Daily Report

Second US Army segreant convicted of killing Iraqi detainees

A US Army sergeant was convicted March 30 and sentenced to 35 years in prison for killing four unarmed Iraqi prisoners in 2007. Sgt. First Class Joseph Mayo, formerly of the 1st Battalion, 18th Infantry and two other soldiers were charged in September with shooting the four bound and blindfolded prisoners and disposing of their bodies in a canal.

Pakistan between two poles of terrorism

At least 20 people were killed early March 30 as gunmen stormed a Pakistani police training school near Lahore. The attackers remain in control of the complex, and are exchanging fire with security forces. The assailants apparently entered the complex dressed in police uniforms. (AFP, BBC World Service, March 30)

Philippines: Mindanao hostage crisis jeopardizes aid work

A hostage crisis involving three International Committee of the Red Cross (ICRC) workers may force agencies to stop bringing assistance to some areas of the Philippines, officials told the UN news agency IRIN. Stephen Anderson, the World Food Programme (WFP) country representative, said additional protection measures for his 60 local and foreign staff were paramount as the situation in Mindanao had become "dramatically more insecure".

US interrogation tactics were torture: ex-State Department attorney

Former US State Department lawyer Vijay Padmanabhan criticized the administration of former president George W. Bush for approving extreme interrogation techniques against terrorism suspects, in an interview with the Associated Press March 27. Padmanabhan, who now teaches at Cardozo School of Law in New York, served as the State Department's chief counsel on Guantánamo Bay and Iraq detentions. He said he believes the interrogation tactics used on some detainees constituted torture, and that the Bush administration was wrong to argue that the detainees were not protected by the Geneva Conventions.

US, Yemen should allow "meaningful legal process" in Gitmo repatriation: HRW

Human Rights Watch (HRW) called March 29 for the US and Yemen to agree on a repatriation plan that provides "meaningful legal process" for the nearly 100 Yemeni detainees still at Guantánamo Bay. A new HRW report criticized any proposal involving indefinite suspension at a Yemeni facility and expressed fears of detainee mistreatment after repatriation.

Spanish judge weighs probe of US federal attorneys on Gitmo

Crusading Spanish judge Baltazar Garzón has asked prosecutors to investigate the US lawyers reportedly behind the establishment of the Guantánamo Bay detention center, Spanish media reported Saturday.
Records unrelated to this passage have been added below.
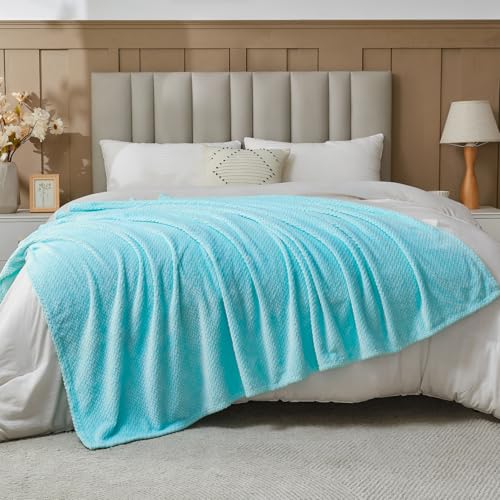 NEWCOSPLAY Fleece Leaves Pattern Twin Blanket, Turquoise, 60"x80" - color: Turquoise, size: Twin(60"x80")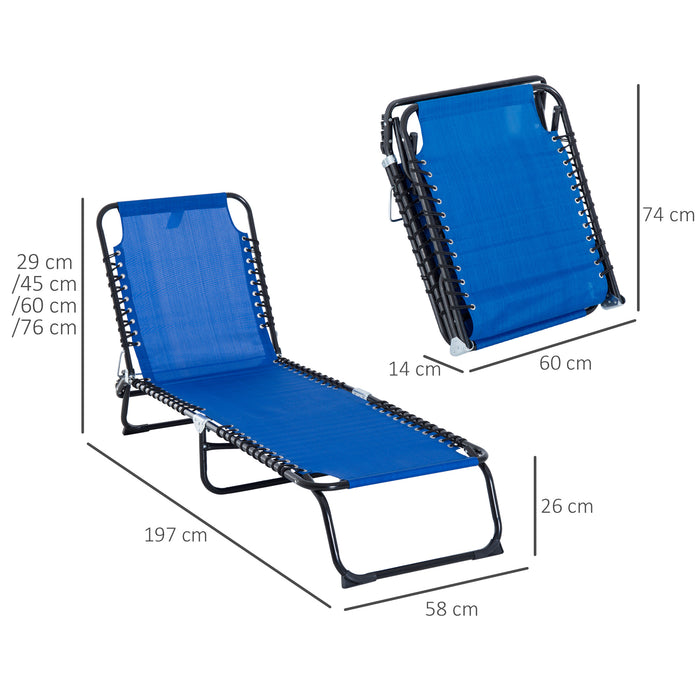 Folding Sun Lounger Beach Chaise Chair Garden Reclining Cot Camping Hiking Recliner with 4 Position Adjustable Back - Blue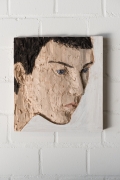 Stephan Balkenhol, Little relief of a head, 2013, Coloured poplar, 40 x 30 x 4 cm | 15.75 x 11.81 x 1.57 in, # BALK0008 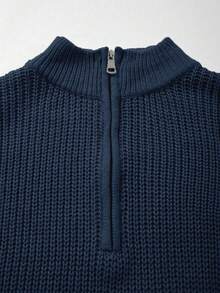 Women's Simple Ribbed Solid Color Casual Korean Textured Commuter Loose Versatile Stand Collar Zipper Half-Placket Pullover Long Sleeve Sweater, Spring/Autumn/Winter - Royal Blue - View 8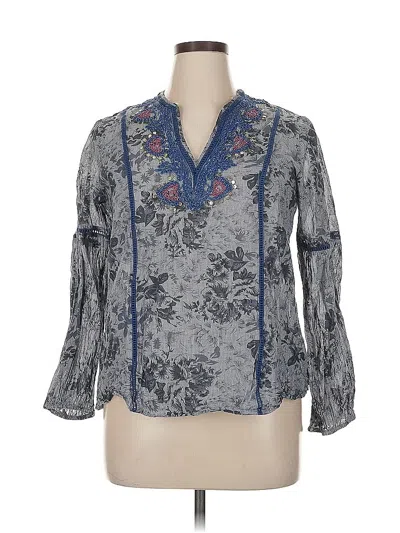 Pre-owned Ranna Gill Long Sleeve Blouse In Gray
Garzón's request comes after a criminal complaint was filed last week in the Audiencia Nacional against six lawyers from the administration of former US president George W. Bush, including David Addington, John Yoo, and former attorney general Alberto Gonzales.
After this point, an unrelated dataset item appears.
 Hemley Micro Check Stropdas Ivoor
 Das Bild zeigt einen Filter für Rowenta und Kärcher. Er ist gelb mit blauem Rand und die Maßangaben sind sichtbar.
Federal judge sets timetable for reports on CIA torture tape destruction

A judge in the Southern District of New York March 27 ordered the Central Intelligence Agency (CIA) to release reports on the destruction of 92 videotapes of terrorism suspect interrogations within the next 30 days or explain why it should not do so. Judge Alvin Hellerstein directed the CIA to disclose the reports along with a list of witnesses as part of the ongoing lawsuit brought by the American Civil Liberties Union (ACLU) in an effort to access government materials on the interrogations under the Freedom of Information Act (FOIA).
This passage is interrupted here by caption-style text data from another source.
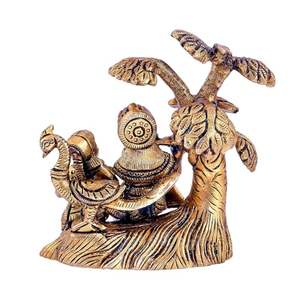 Latón pulido Radha Krishna árbol estatua huecograbado impresión hogar artículo decorativo para Pooja Mandir templo - Product Image 2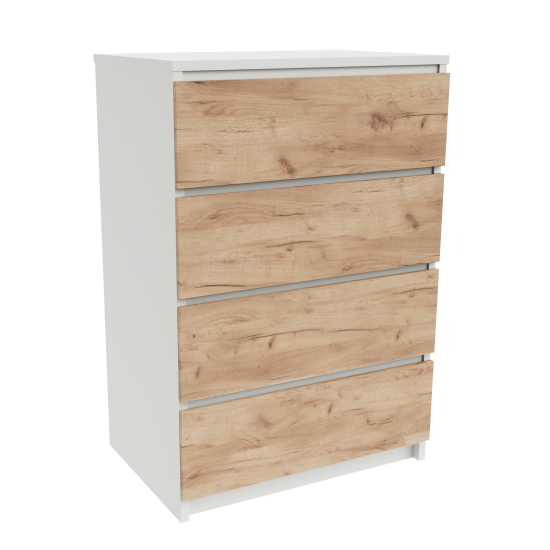 Komoda do salonu 4 szuflady Biały + Craft
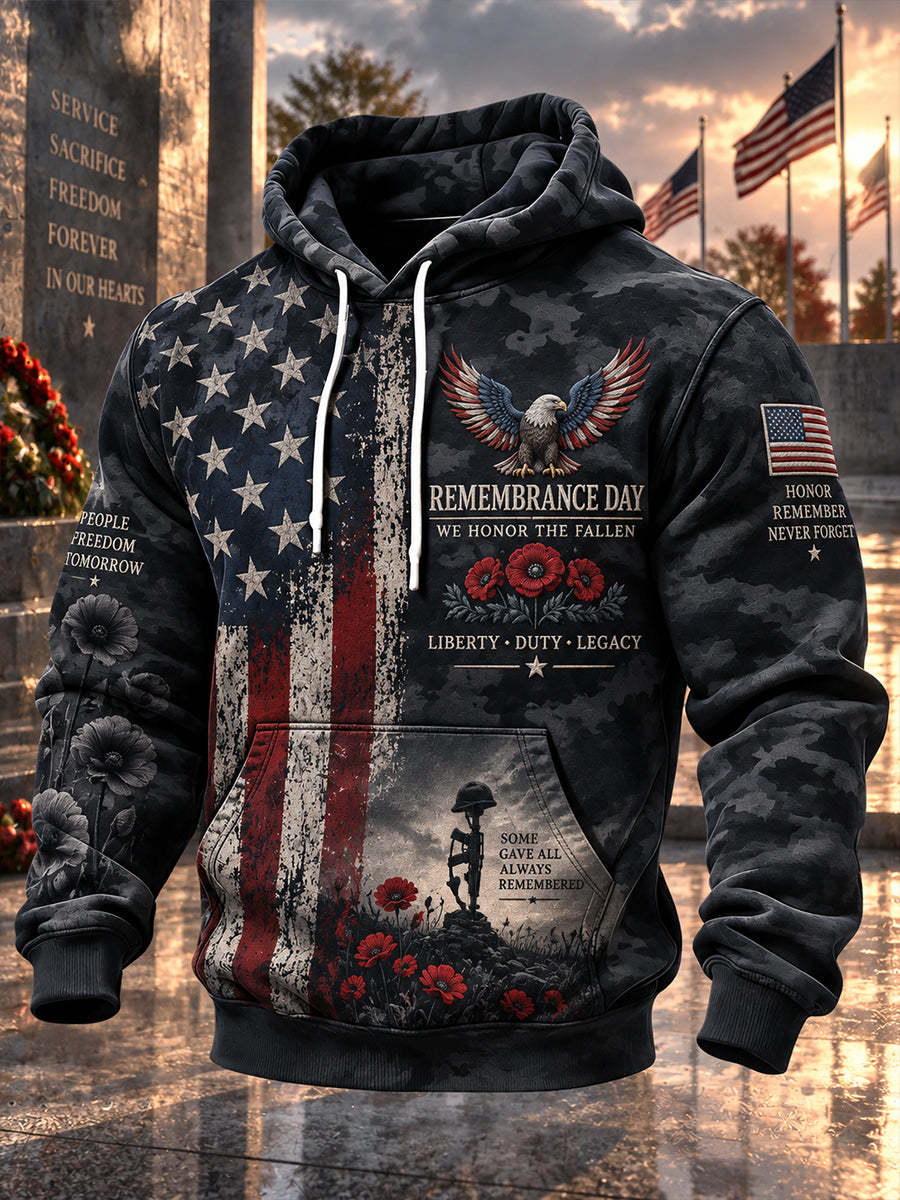 Men's Long-Sleeve Hoodie With Remembrance Day Commemorative Print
Obama forges "Af-Pak" strategy as Taliban insurgency spreads

In side-by-side front page stories, under the single headline "New Afghan Strategies for the US and Its Foes," the New York Times March 27 tells us "Obama to Add Even More Soldiers to Fight Militants," while "Taliban's Two Branches Agree to Put Focus on an Offensive"—that is the Afghan and Pakistani wings of the movement. While not explicitly invoking the phrase "Af-Pak" now being widely used in military-intelligence circles, the stories make clear that strategists view the two countries as merging into a single theater of war.